We asked the owner about it and his reply was telling: "It's hard work and Americans don't want to do it. I've tried 'em and had them cheat me, steal from me, and disappear without a backward glance. These little guys work their butts off and go home each winter when there isn't much work. When they're here I take care of them, have a place for them to live, food for them to eat, uniforms to wear, and take 'em to the doc if they're sick. If I need a couple more guys, I let the crew know and a week or two later a cousin or brother-in-law shows up grinning."
The other DrC and I marveled at it, their relationship was unlike anything I, as a business school prof, ever taught. It was positively feudal, very much "You give me your loyalty and work, I'll care for and protect you." John was the patron and they were happy workers, very much volunteers. I believe there was genuine liking and trust in both directions.

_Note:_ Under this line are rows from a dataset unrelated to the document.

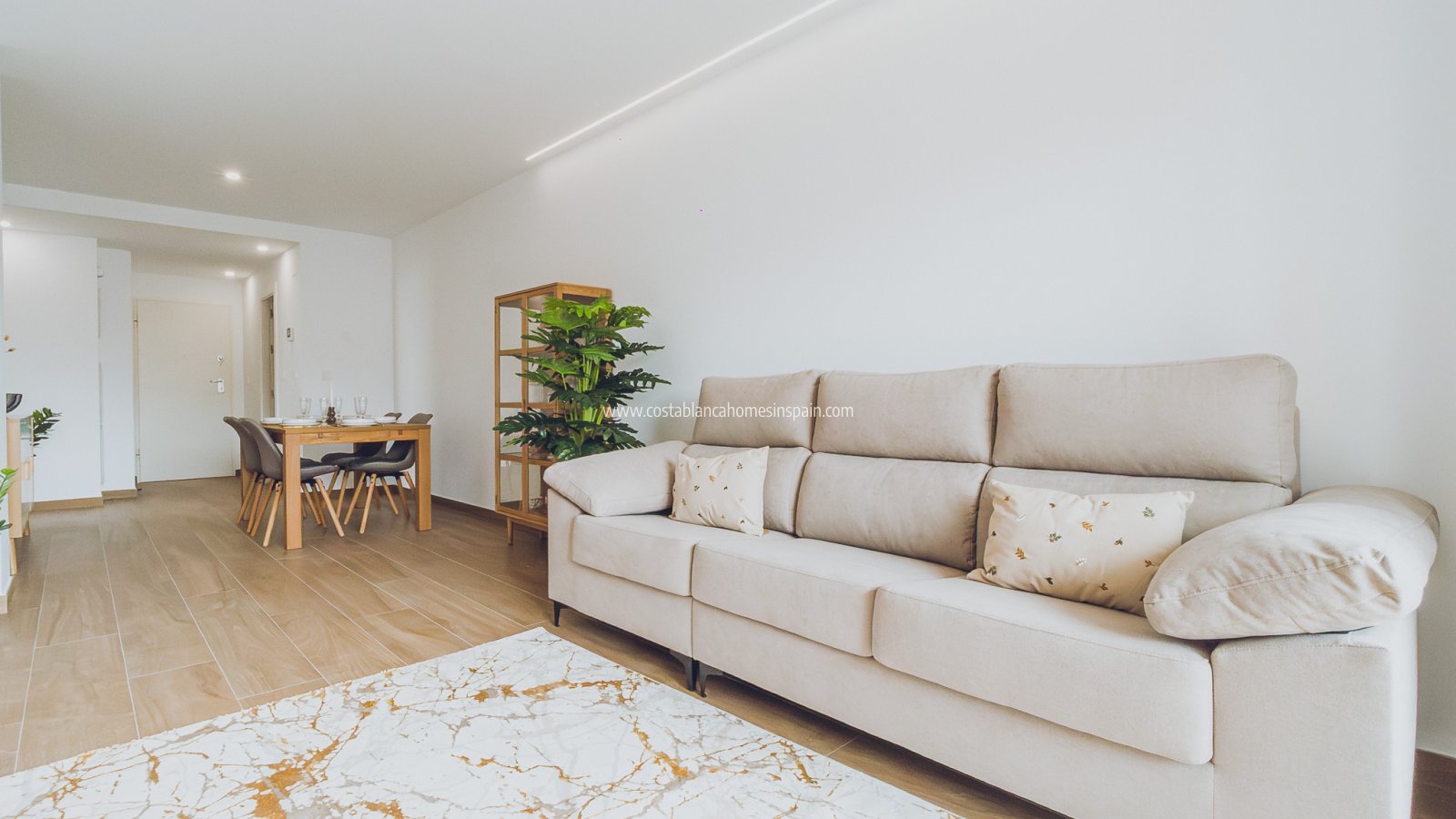 Nybygg - Apartment - Redován
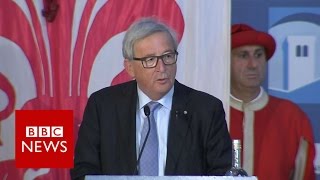 Juncker Why English Is Losing Eu Clout - Bbc News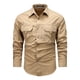 thumbnail image 1 of Hombres Pesca Upf 50+ Impermeable Camisas De Manga Larga, 1 of 8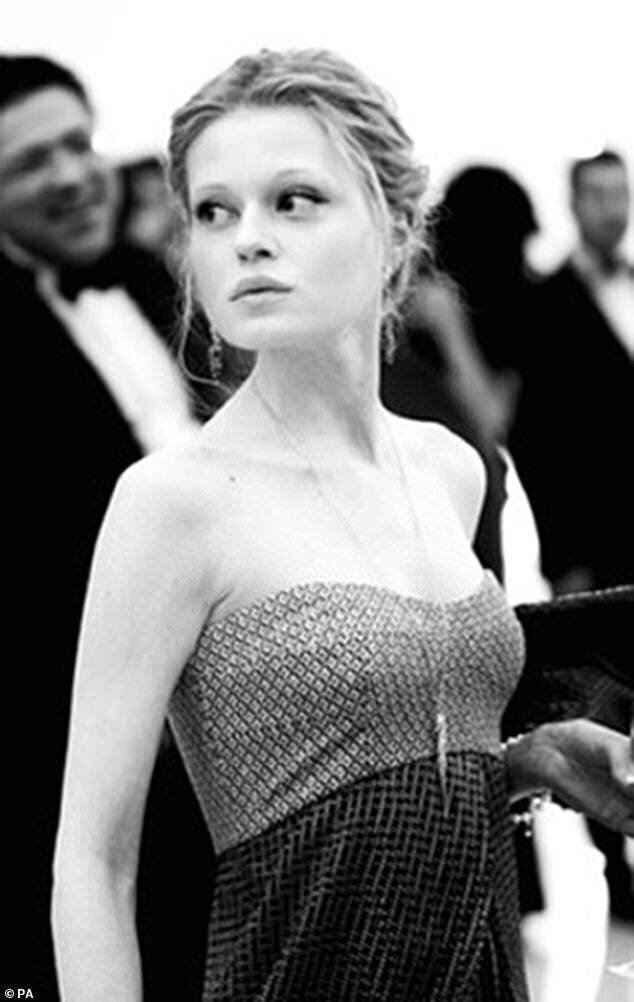 Glushkov's daughter Natalia Glushkova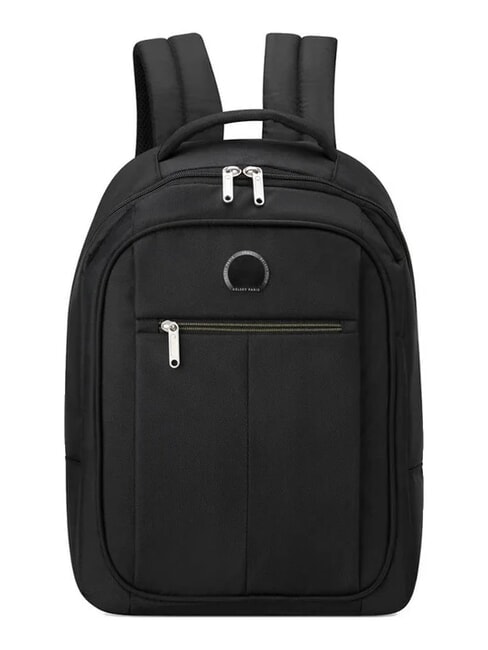 DELSEY PIN UP 6 Zaino porta pc 15.6" Nero - Zaini da lavoro porta PC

What the owner had done, largely by trial and error, was conform his business practices to their culture. It worked. Am I defending the practice of hiring illegals? No. But as someone who studied and taught employer-employee relations, how he operated was an eye-opener, a look at another way of organizing work, very paternalistic.
What's more, I'll bet there are tens of thousands of illegals working for landscapers all over the country. They, and meat-packing plants are probably some of the biggest employers of the undocumented.